What is CFD Trading?
CFD trading refers to speculating the future price of various assets on one trading platform.
Understanding CFDs
CFD traders don’t have to own these assets. Instead, they only profit from predicting the future price of these assets. Therefore, the value of these contracts doesn’t include the asset’s value. They only consider the change in price during the contract’s duration.
Advantages of CFD Trading
Leveraged Trading
Compared to traditional trading, CFD trading has a higher leverage. You can trade on margins, which will give you a higher leverage. Low margin requirements mean more profit with less capital. You don’t have to invest the total amount of the position.
Diverse Asset Classes
CFDs don’t restrict you to a single financial asset class. These contracts let you benefit from trading cryptocurrency, ETFs, and stocks.
Short-Selling Opportunities
The many short-selling opportunities that come with CFDs have played a major role in their popularity. With short-selling, you can earn even when the market price drops. Long-term investors use the short-selling capability as a hedging tool.
Risks of CFD Trading
Leveraged Losses
When the market goes against you, the higher leverage can magnify your losses. Therefore, you have to trade carefully and make sure you have a reliable money management system.
Market Volatility
If the assets are experiencing extreme volatility, the ask and bid prices can be quite significant. This means that profiting from small market moves can be impossible. So, the number of winning trades can be low, resulting in high losses.
Counterparty Risks
CFD traders execute their trades via brokers who act as counterparties to the trades. This exposes your trades to the brokers’ credit risk. This means that if your broker goes bankrupt, you may suffer some losses.
How CFD Trading Works
The fact that you’ll be dealing with several assets grants you more trading opportunities. You can either go long or short and benefit from upward or downward price movement.
Opening and Closing Positions
This trading method includes two trades. The first one opens a position, while the second one closes it via a reverse trade.

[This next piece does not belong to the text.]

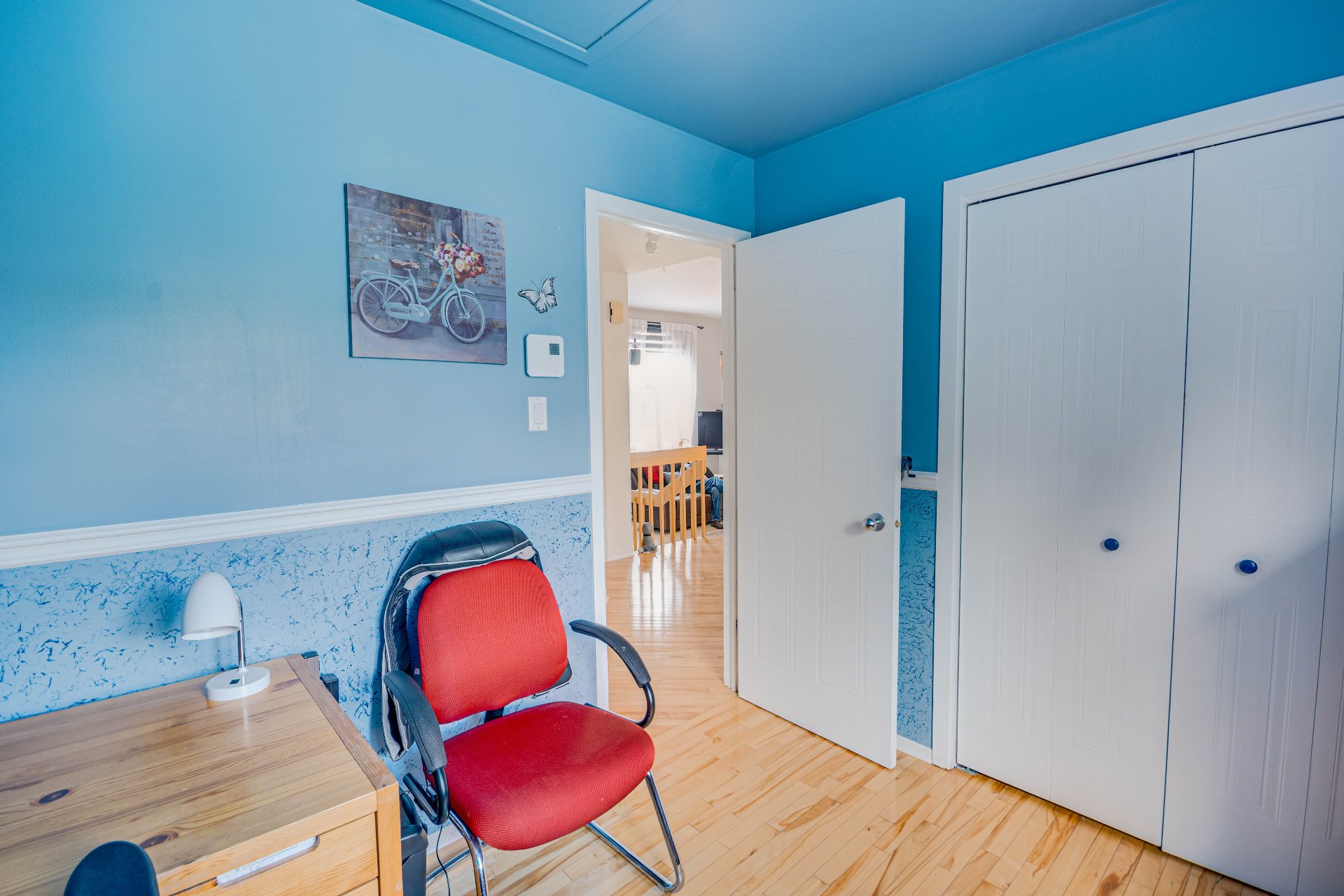 Chambre à coucher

If the first trade is a long position, then you’ll have to go short to close it.
CFD Pricing and Spreads
The price of trading these contracts includes a financing cost, commission, and the spread. Financing charges apply when holding positions overnight. You may have to pay a commission when trading shares but not for trading commodities and forex.
Funding and Margin Requirements
The CFD brokers tend to set the margin percentage that you must pay to access a particular market. This can vary from broker to broker or market to market. These requirements will restrict your freedom of investment, which will affect borrowing terms.